**TASK TO COMPLETE**
What you return should be the complete data below, word for word, with no pictures in it.

**INFORMATION SUPPLIED**
· · · · ·

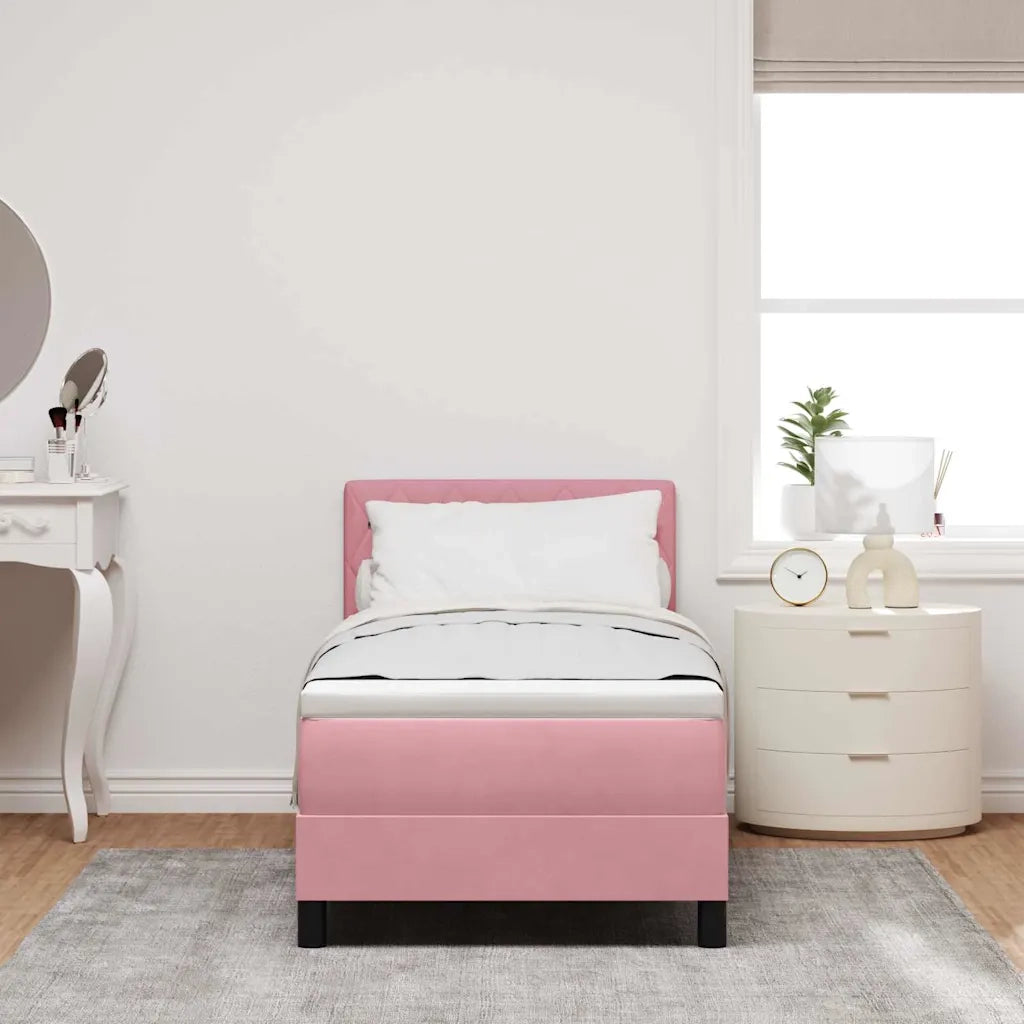 Letto a Sorgente LED con materasso Rosa 80 x 200 cm Velluto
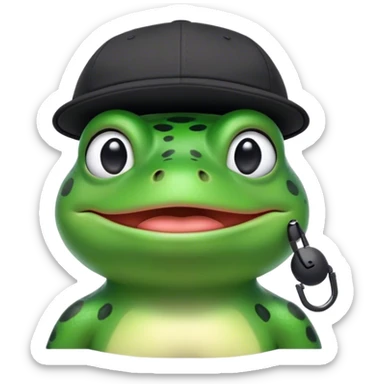 Memoji like frog with black dad hat and airpods sticker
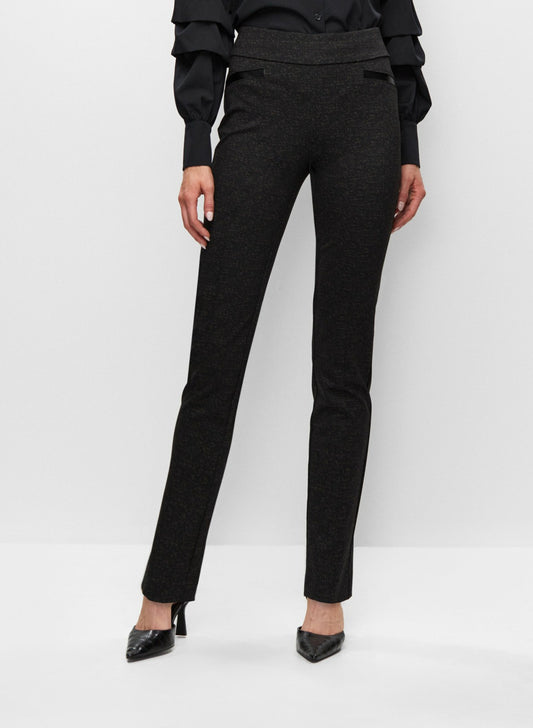 Women Madison Pull-On Abstract Print Pants Black Pattern | Melanie Lyne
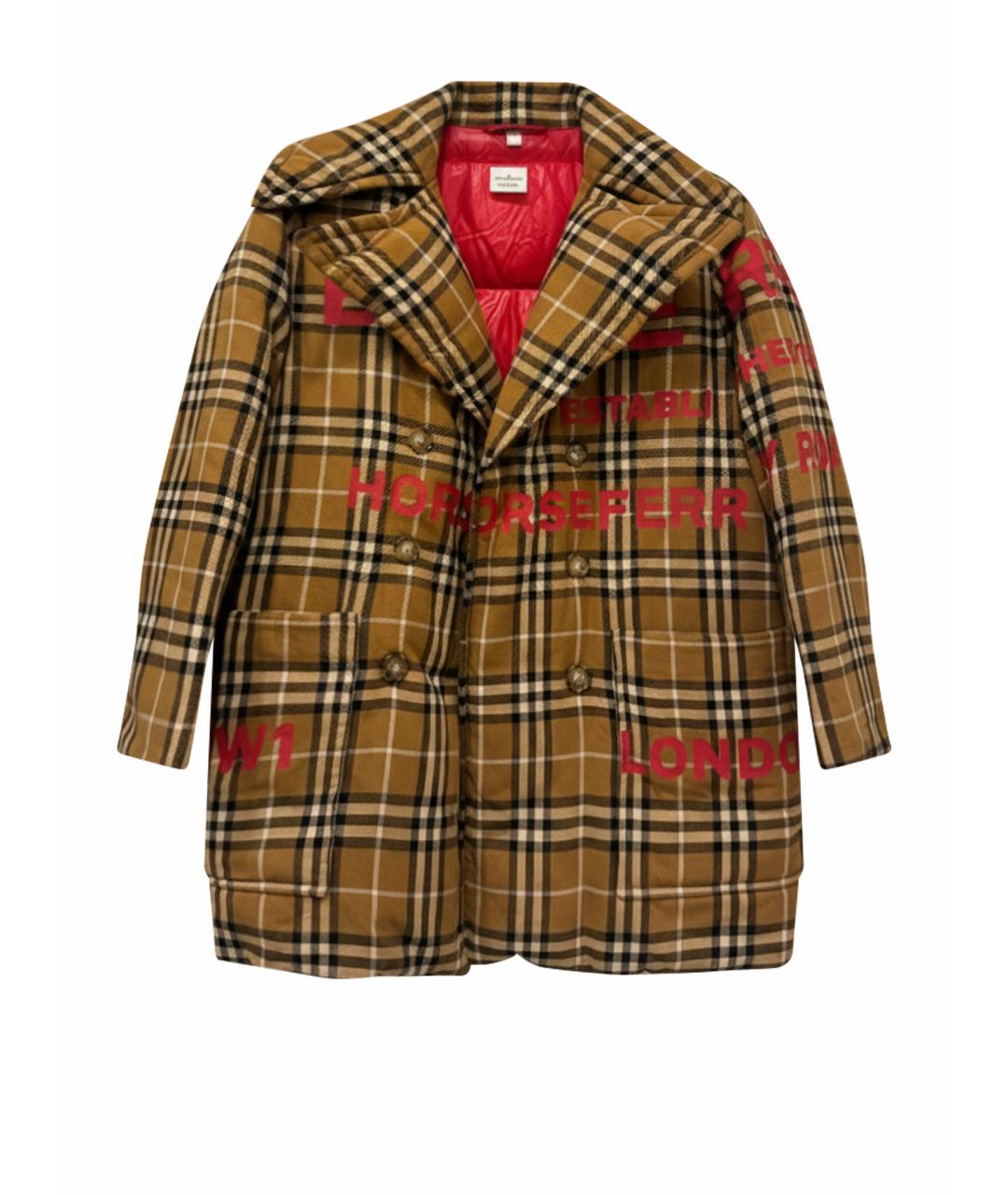 BURBERRY Коричневый полиэстеровый пуховик, фото 1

· · · · ·

**TASK OUTPUT**
 Letto a Sorgente LED con materasso Rosa 80 x 200 cm Velluto
 Memoji like frog with black dad hat and airpods sticker
 Women Madison Pull-On Abstract Print Pants Black Pattern | Melanie Lyne
 BURBERRY Коричневый полиэстеровый пуховик, фото 1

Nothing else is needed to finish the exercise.